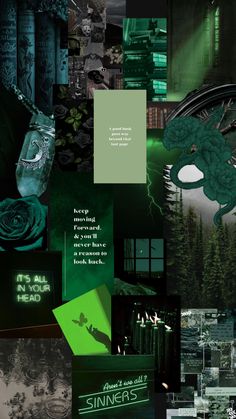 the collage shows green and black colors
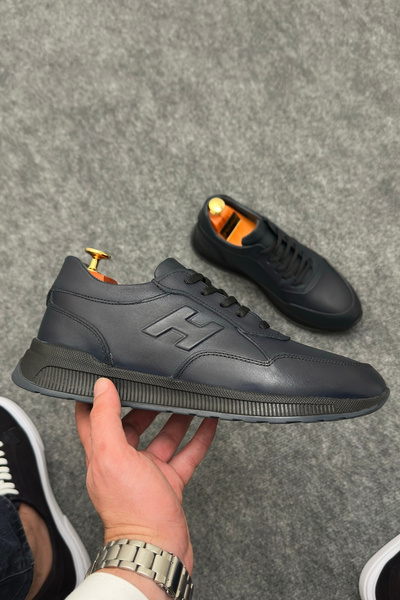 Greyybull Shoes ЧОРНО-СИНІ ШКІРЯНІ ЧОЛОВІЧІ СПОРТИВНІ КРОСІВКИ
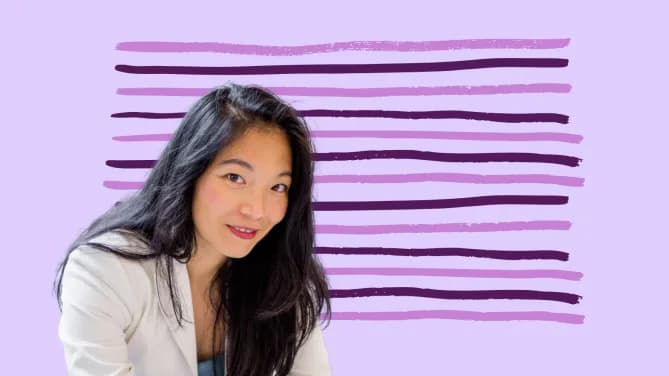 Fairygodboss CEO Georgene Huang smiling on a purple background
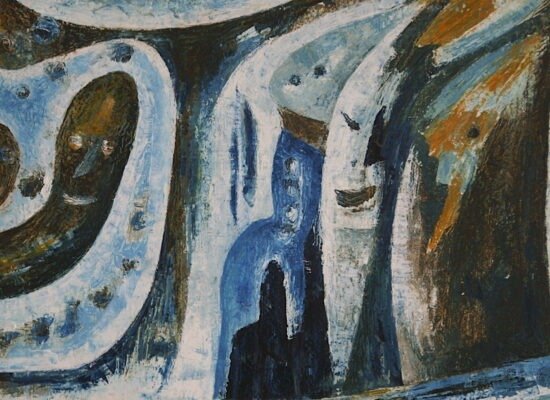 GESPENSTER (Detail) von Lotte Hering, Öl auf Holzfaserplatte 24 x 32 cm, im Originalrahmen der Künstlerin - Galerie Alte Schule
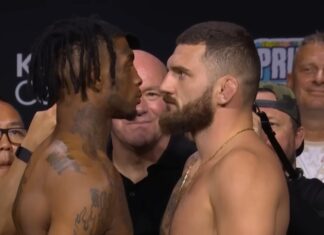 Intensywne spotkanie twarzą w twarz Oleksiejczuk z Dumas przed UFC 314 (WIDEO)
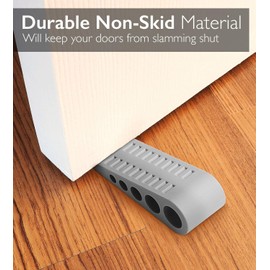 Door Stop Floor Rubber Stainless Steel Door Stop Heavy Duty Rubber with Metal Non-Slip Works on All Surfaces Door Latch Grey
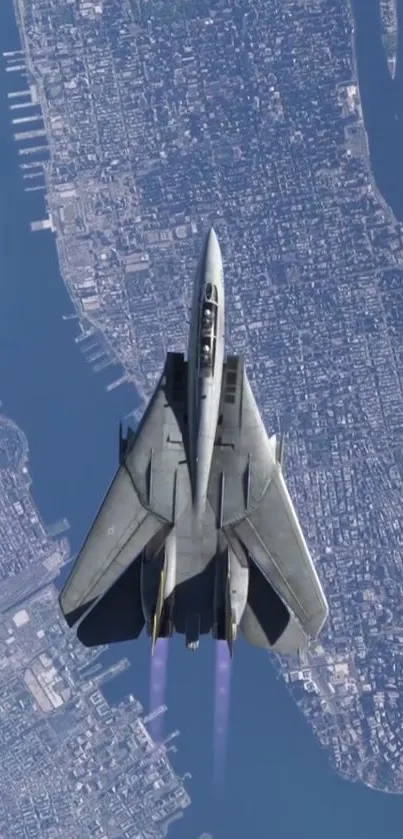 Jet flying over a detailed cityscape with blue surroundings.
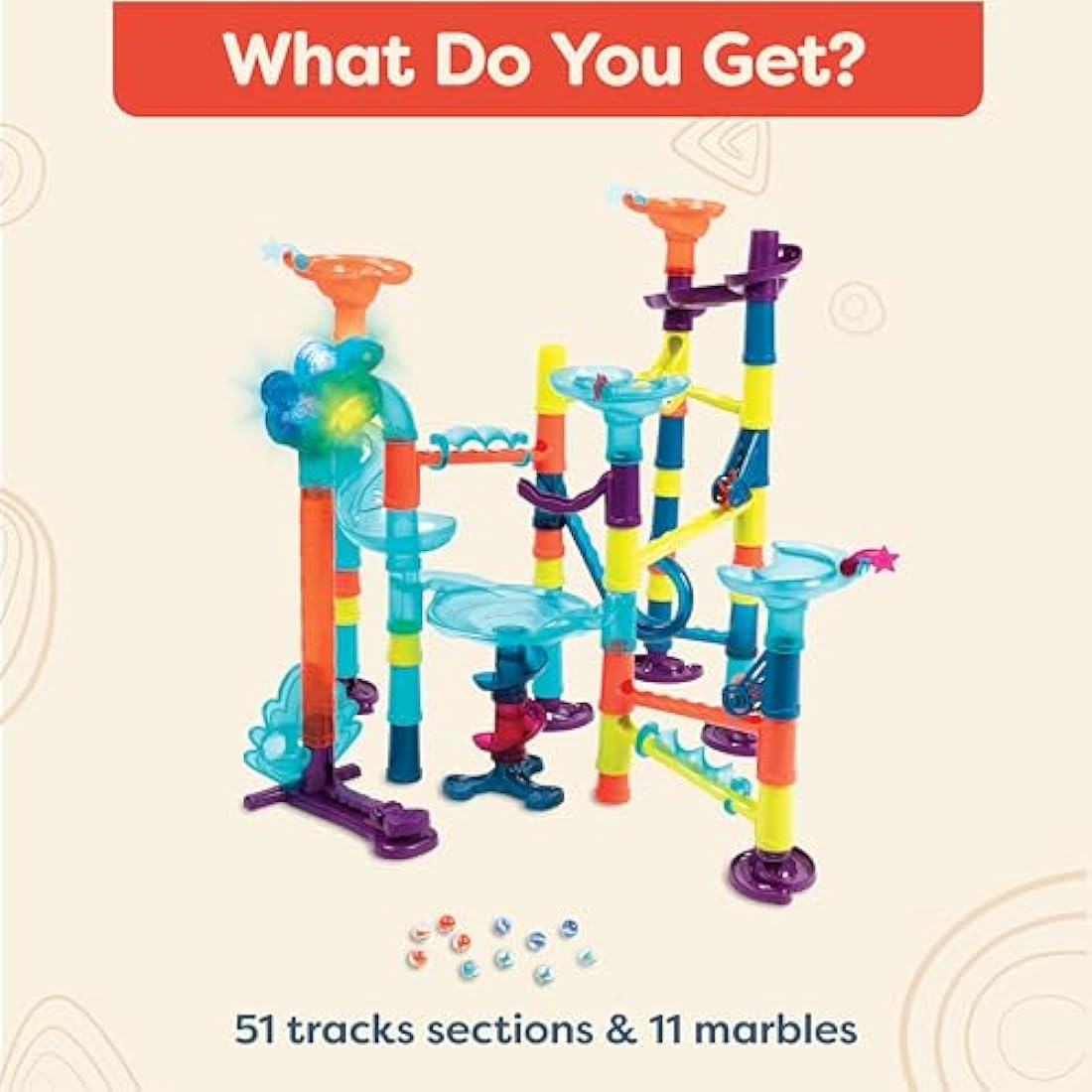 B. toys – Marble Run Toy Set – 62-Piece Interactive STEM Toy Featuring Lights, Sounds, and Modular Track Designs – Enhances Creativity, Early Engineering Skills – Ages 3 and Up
::::::::
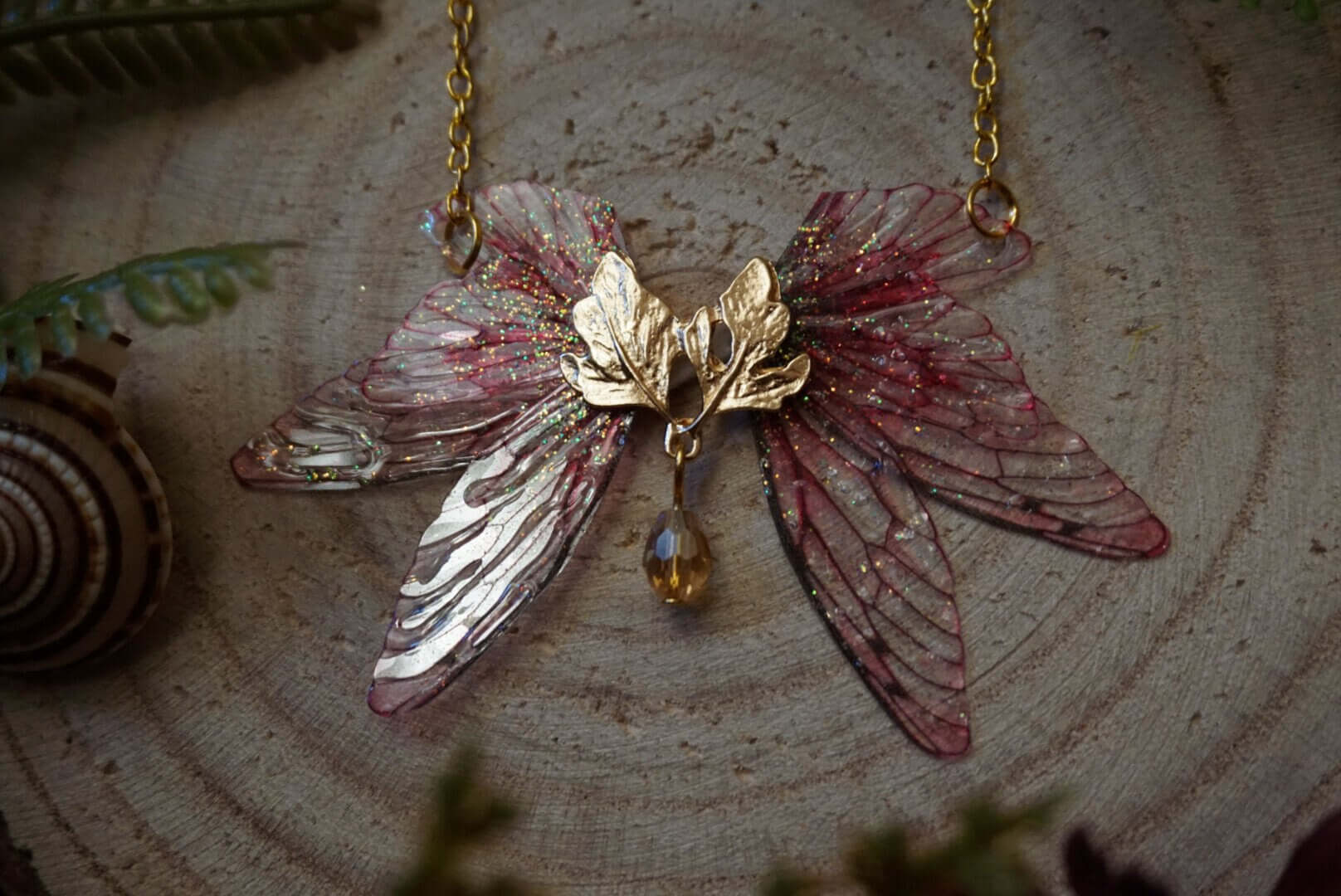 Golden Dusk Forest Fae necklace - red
::::::::
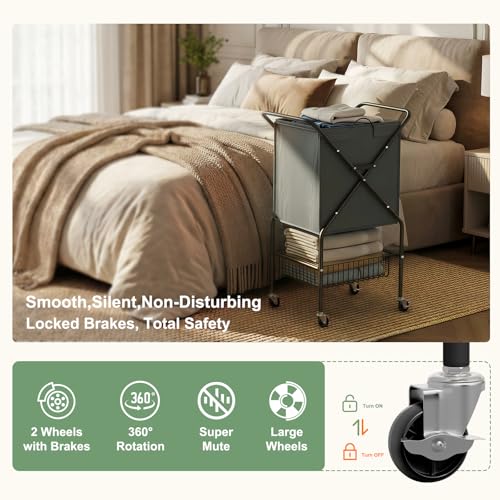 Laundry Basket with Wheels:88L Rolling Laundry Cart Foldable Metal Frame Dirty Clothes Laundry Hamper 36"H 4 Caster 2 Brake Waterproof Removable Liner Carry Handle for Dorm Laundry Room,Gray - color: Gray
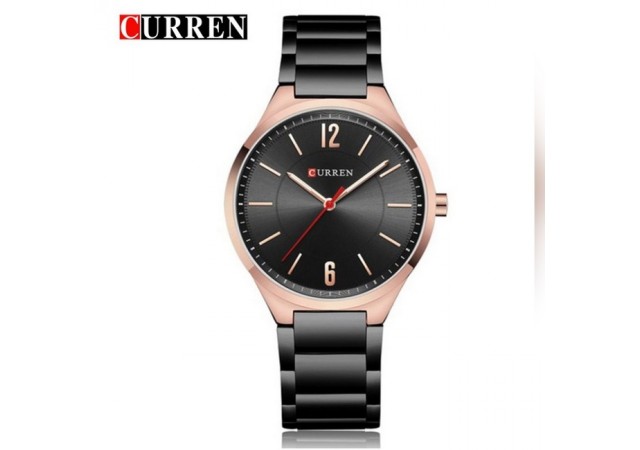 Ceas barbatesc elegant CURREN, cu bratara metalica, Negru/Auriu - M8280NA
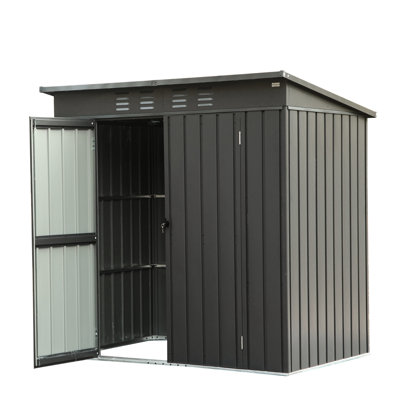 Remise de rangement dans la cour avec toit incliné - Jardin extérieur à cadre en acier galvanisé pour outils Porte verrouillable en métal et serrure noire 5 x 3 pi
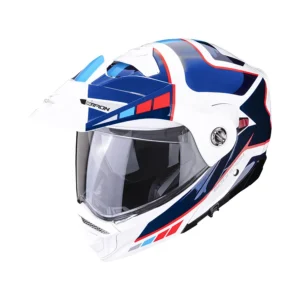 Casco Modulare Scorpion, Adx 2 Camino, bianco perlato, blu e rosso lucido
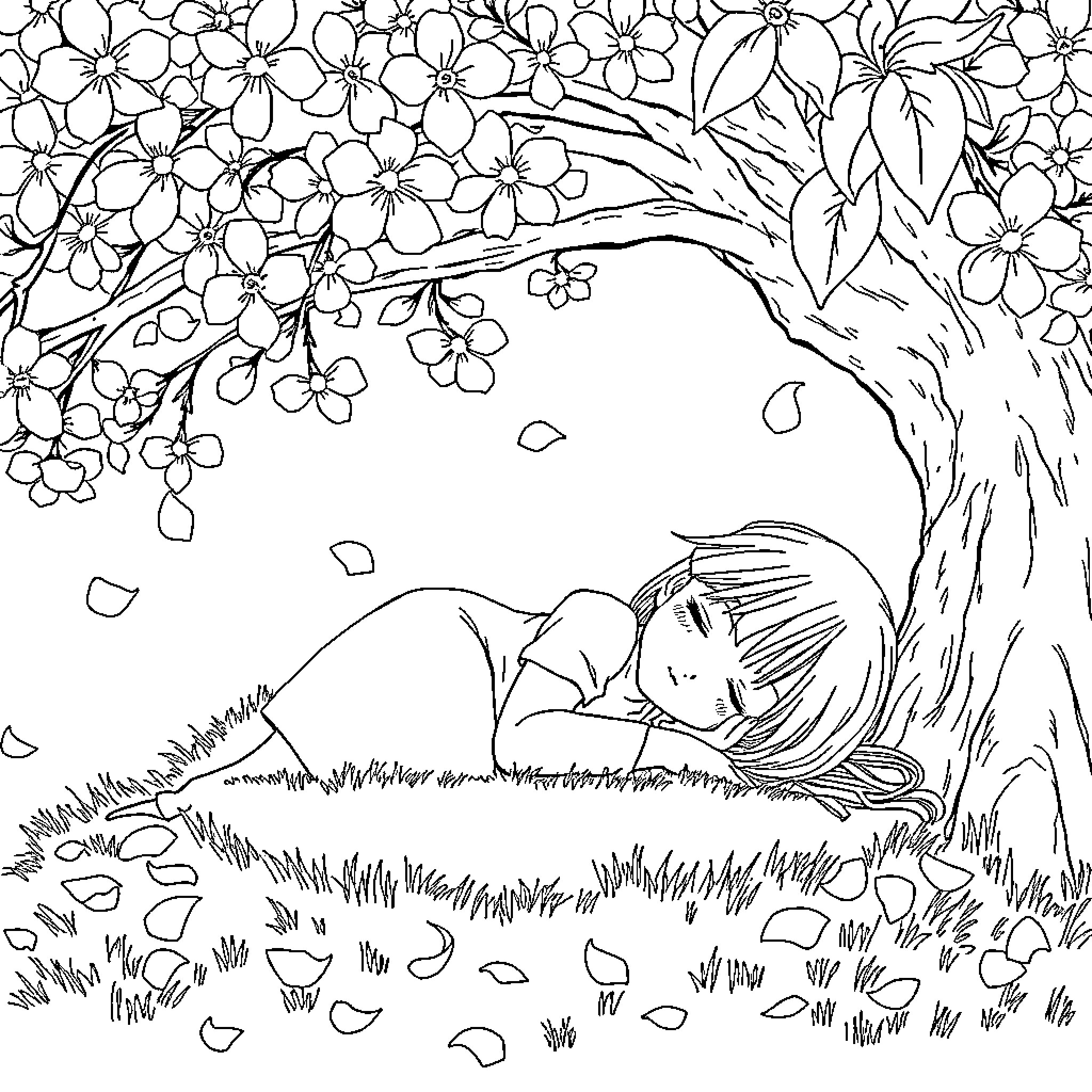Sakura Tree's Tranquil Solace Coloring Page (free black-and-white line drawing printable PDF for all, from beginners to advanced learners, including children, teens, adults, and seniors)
::::::::
• _YOUR INSTRUCTIONS_: In the records above, find the line with "Greyybull Shoes ЧОРНО-СИНІ" and the line with "GESPENSTER (Detail) von"; please transcribe exactly those two lines and all lines between them, omitting any picture.

• _RESPONSE TO THIS TASK_:
 Greyybull Shoes ЧОРНО-СИНІ ШКІРЯНІ ЧОЛОВІЧІ СПОРТИВНІ КРОСІВКИ
 Fairygodboss CEO Georgene Huang smiling on a purple background
 GESPENSTER (Detail) von Lotte Hering, Öl auf Holzfaserplatte 24 x 32 cm, im Originalrahmen der Künstlerin - Galerie Alte Schule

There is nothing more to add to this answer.